Now, for anyone who has read any of my previous posts, the assumption is is that I'm the sort of person who has no problem speaking my mind, in fact, the problem would be actually stopping me from speaking my mind on some occasions. I am opinionated and I have no problems voicing these opinions. But there are occasions when even I fall silent, where what I truly want o say freezes in my throat. That happened tonight.
So the scene, more realistic then shorthand street or any other crappy mind shitted drama. I was catching up with a friend. In my younger days, or even those people who are emotionally uneducated, would have called it a date, I'm older now, I'm more mature now, I now a situation for what it was and this was just a catchup.
However, at one point we were heading towards an eatery and she stated how excited and nervous she was going to this place as it was what she termed "naughty food" I mentally disagreed with this statement as the thought of a burger fucking me in the mouth wasn't completely a happy thought I said outloud how I was nervous coming to hang out with her. She asked why and I choked.
Now we've discussed this before, this friend and I, about past feelings and so forth. I had a crush on her when we were younger and still do now, but I'm an adult now, I can control such urges and so forth, and being an adult sucks old hairy man balls. That's why I was nervous, because I still want to prove things to her, that although I have a rough side I'm still likable, that in some way I'm still a viable choice, but ultimately this is the biggest lie. There was a brief moment when I may have been a viable choice, but looking back now I see how truly broken I was back then.

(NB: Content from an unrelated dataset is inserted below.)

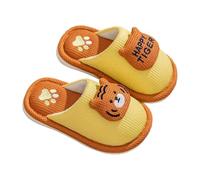 SoLu DAY8 Pantofole Invernali Bambino Pelose Chiuse Antiscivolo Comode Morbide Calde Ciabatte Bambina Inverno Casuale Casa Interno Animal Mignon Ragazzo Scarpe (Yellow, 30 Little Child)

I don't even understand how I became that way. It was a decade of brokenness and shattering of dreams and realities that until the last few years I managed to crawl out of. And so now, with this friend I have one of the moments where I kind of wish I had said something. A moment of regret in a way. Logically of course it would have been a bad idea, because the awkwardness it would have caused would have ruined the rest of the night, so in a way, I'm also relieved I managed to contain my inner voice for once.
So, many will try to read between the lines of what I'm saying and quite frankly, that's fucking annoying, stop it. The main context of this post is this: Even if you love someone there is nothing wrong in my opinion to like someone else. It's the enactment upon those feelings that are the downfall. I didnt act. I'm fucking awesome. You all think so as well.
Fuck adulthood and maturity sometimes.